Suppose that we have a (regular) tetrahedron and that we are going to paint the 4 triangular faces of the tetrahedron using red, white, blue and yellow paint. How many different ways can you do that?

Well if you've ever done any combinatorics (or even if you haven't) you'll jump up and say "I know I know. The answer is easy, there are 4 ways to paint the first face, 4 ways to paint the second, 4 ways for the third and 4 ways for the last. Altogether that gives 44=256 ways."

Of course you'd be wrong, wrong, wrong! Why? Well, suppose I coloured my tetrahedron somehow. Now grab hold of one of the vertices and then rotate the tetrahedron through 2pi/3 about the axis through that vertex and the centre of the tetrahedron. That rotation will leave the tetrahedron shape unchanged but will move the colouring I started with into another one. But I don't have any right to call this colouring different from the first one. It's just the same.

In other words the 256 ways I counted includes some repetitions. For the real answer to the question I have to take all the rotations of the tetrahedron into account.

Well first of all what are the rotations of the tetrahedron? As mentioned in the symmetry groups of the Platonic solids this group is isomorphic to the alternating group A4, in particular it has 12 elements. Let's write them down. I just described a rotation about 2pi/3 about an axis through a vertex and the midpoint of the opposite face. Likewise we could rotate through 4pi/3. Now there are 4 vertices so altogether this gives use 8 elements of the group. That leaves 4 to go. One is easy, just the identity (which leaves everything where it is). Finally consider the line through the centre of the midpoint of an edge and the centre of the tetrahedron and out through the midpoint of the opposite edge. we get a rotation through pi about this axis. There are six edges, so three such edge pairs, giving us the final three elements of the rotation group.
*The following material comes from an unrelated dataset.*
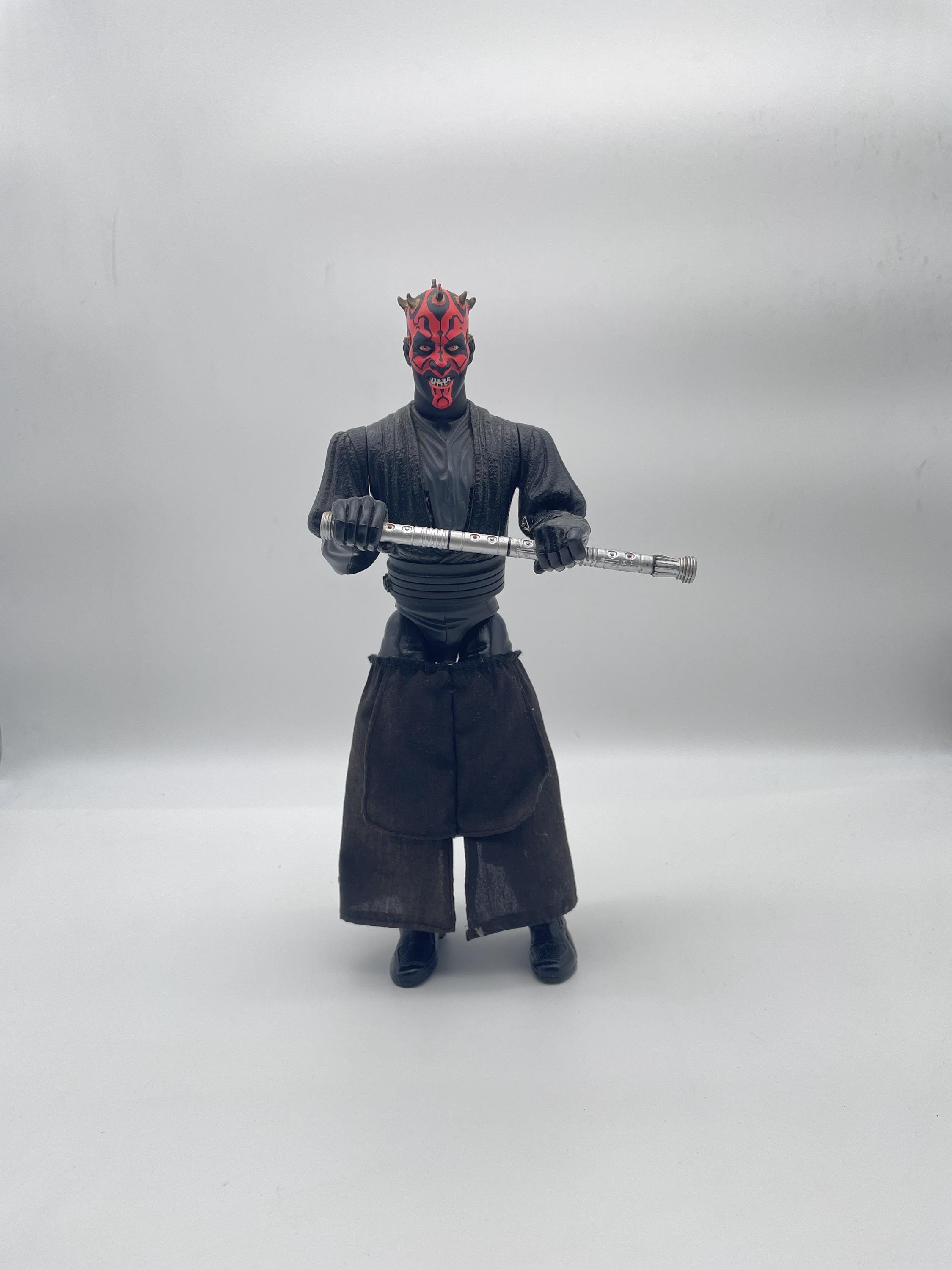 ヴィンテージ ダース・モール アクションフィギュア：スター・ウォーズ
Now we need to use some technology. Write G for the group of rotations of the tetrahedron and X for the 256 paintings with repetitions. When we apply a rotation from G to the paintings in X then we get all the paintings back again but in some different order. In mathematical terms we have a group acting on a set (read that writeup now!). The real answer to our question is the number of orbits for this action. Luckily we can use the fixed point formula for a finite group acting on a finite set. It says that the number of orbits is given by the formula (1/|G|) Sum (g in G) |Xg| where Xg means the elements of X that are fixed by g.
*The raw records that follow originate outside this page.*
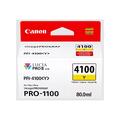 Canon INK PFI-4100 Yellow Blekk til imagePROGRAF PRO-1100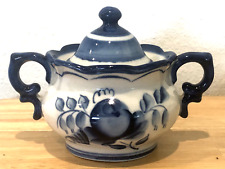 Vintage gzhel russian for sale  Winter Garden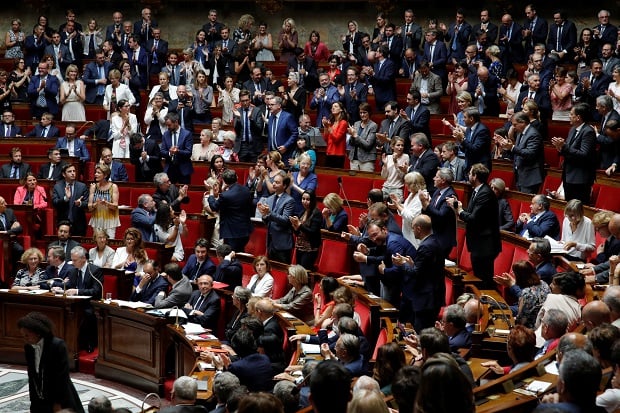 assemblee nationale
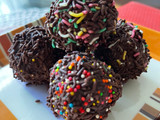 Chocolate Rum Balls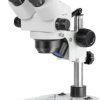 Kern OZL 451 OZL 451 Mikroskop stereo-zoom dwuokularowy 50 x światło przechodzące, światło odbite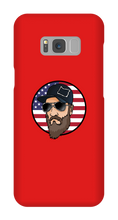 lord_kirk Samsung Phone Cases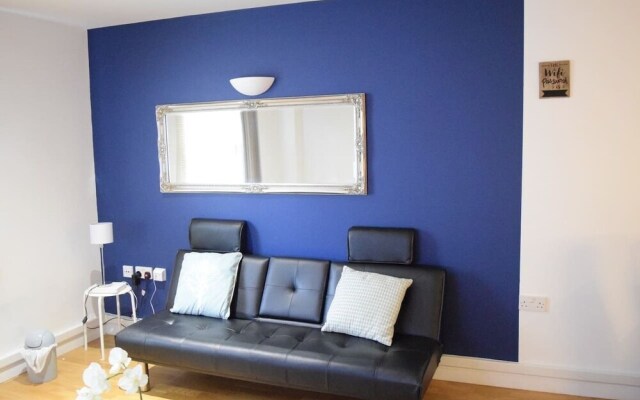 Luxurious 2 Bed Apart in the Centre of Cambridge!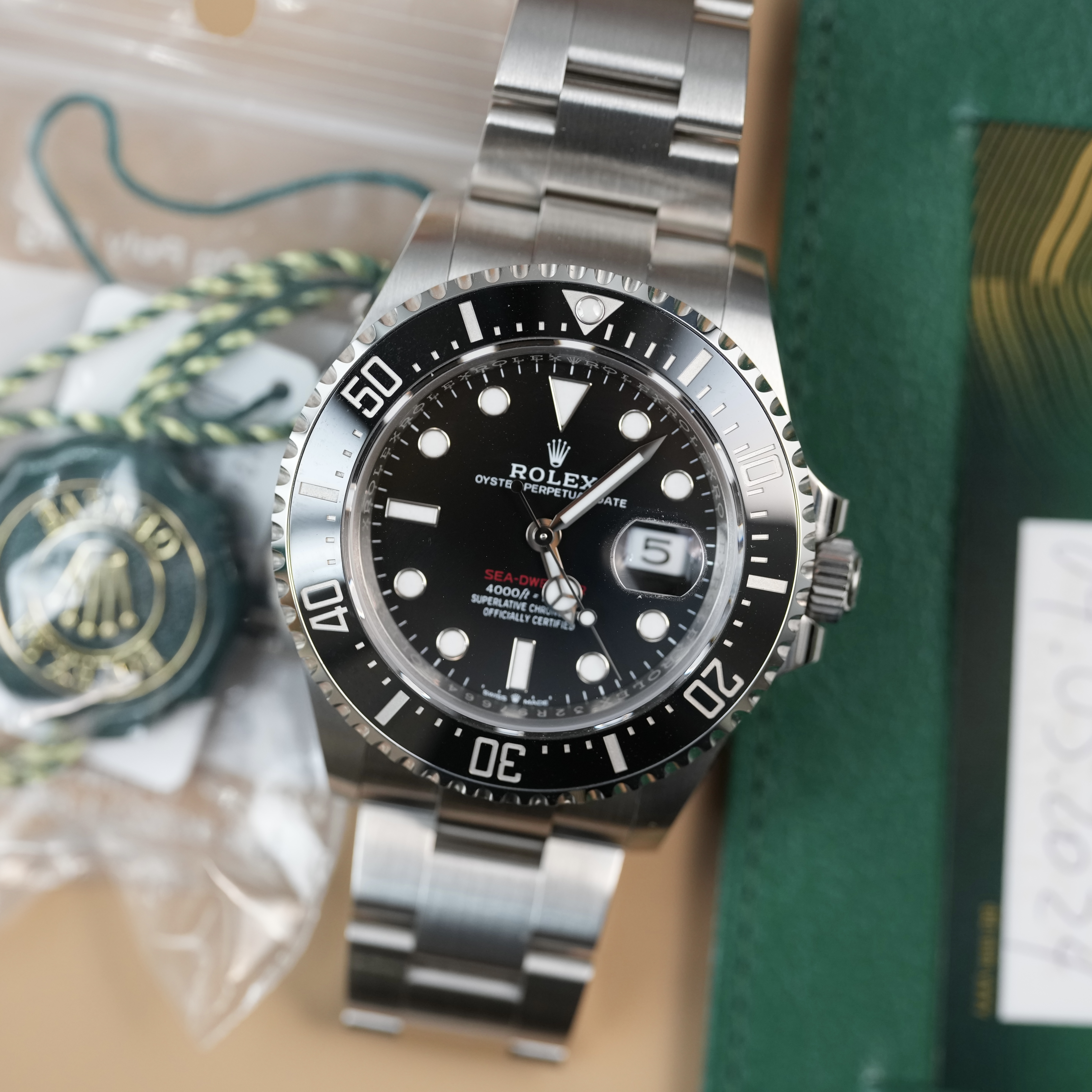 Rolex Sea-Dweller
Let's compute this general formula in our special case.

• |X1|=|X| (the identity fixes everything)
• If g is a rotation through 2pi/3 or 4pi/3 about the axis through a vertex and the centre then to fix a painting it must be that the three faces that meet at the vertex are all the same colour and the other face can be any colour. Thus there are 4.4=16 such paintings.
• If g is the rotation through pi about the axis through the midpoints of opposite edges then the two faces that meet at each of the two edges must be the same colour. So again there are 4.4 ways to do this.
So the formula tells us that there are 1/12(256+8.16+3.16)=36 orbits.

There are exactly 36 ways to paint a tetrahedron with 4 colours.